Work instruction:
Somewhere below are a line with "1144 059-3, 1116" and a later line with "1206 Genesee Ave, Mayfield". Output exactly those lines and all lines between them.

Material for this task:
☆ ☆ ☆ ☆ ☆ ☆ ☆

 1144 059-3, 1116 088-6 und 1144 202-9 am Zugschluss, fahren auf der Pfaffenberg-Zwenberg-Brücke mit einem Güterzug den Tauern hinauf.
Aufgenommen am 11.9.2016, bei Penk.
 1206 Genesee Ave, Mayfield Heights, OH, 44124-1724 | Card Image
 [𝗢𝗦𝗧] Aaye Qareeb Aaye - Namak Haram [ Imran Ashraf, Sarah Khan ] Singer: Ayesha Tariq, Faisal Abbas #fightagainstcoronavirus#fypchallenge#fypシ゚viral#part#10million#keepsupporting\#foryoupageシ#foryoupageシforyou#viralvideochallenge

☆ ☆ ☆ ☆ ☆ ☆ ☆

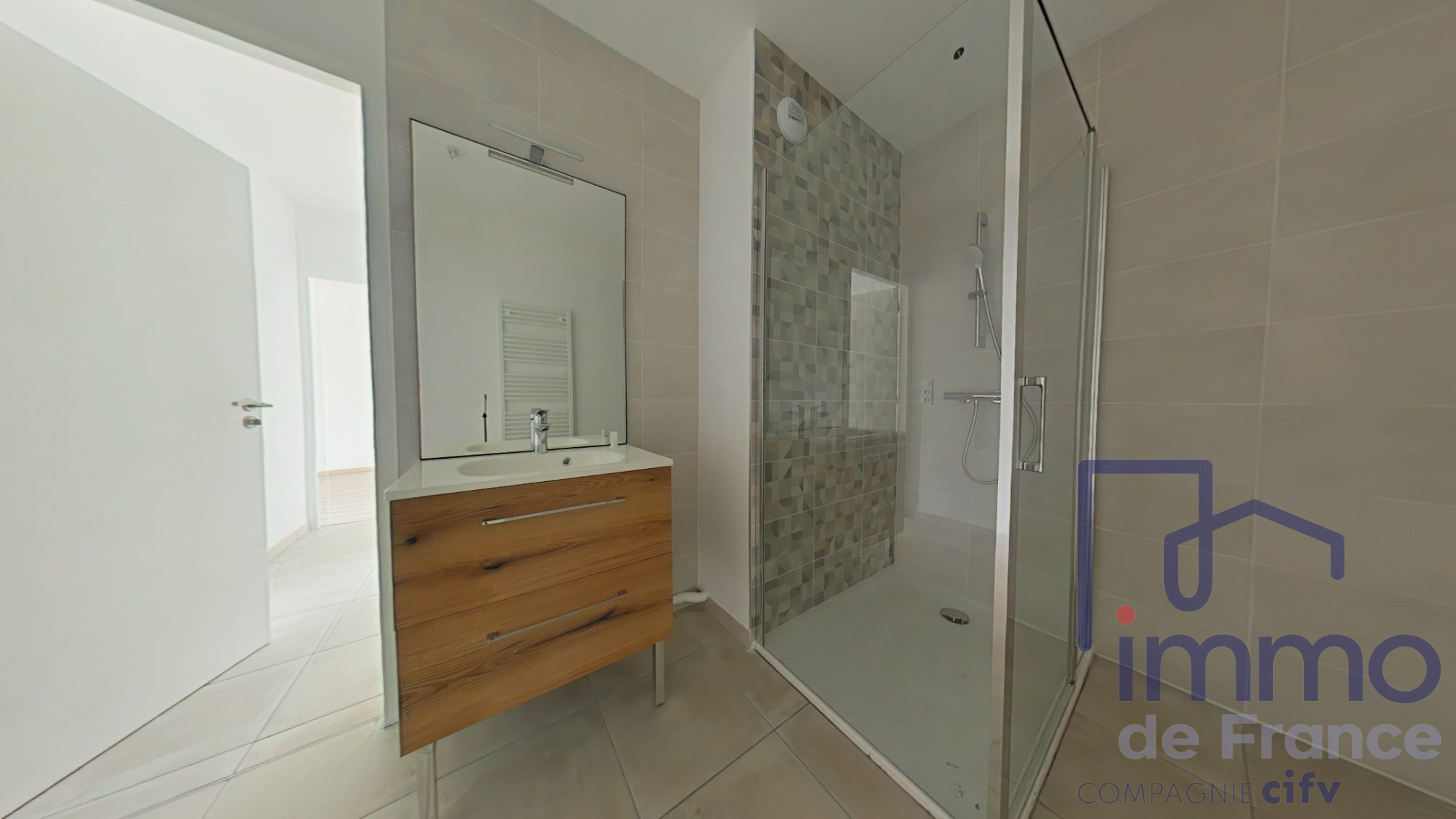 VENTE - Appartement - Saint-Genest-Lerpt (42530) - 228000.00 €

☆ ☆ ☆ ☆ ☆ ☆ ☆

Worked solution:
 1144 059-3, 1116 088-6 und 1144 202-9 am Zugschluss, fahren auf der Pfaffenberg-Zwenberg-Brücke mit einem Güterzug den Tauern hinauf.
Aufgenommen am 11.9.2016, bei Penk.
 1206 Genesee Ave, Mayfield Heights, OH, 44124-1724 | Card Image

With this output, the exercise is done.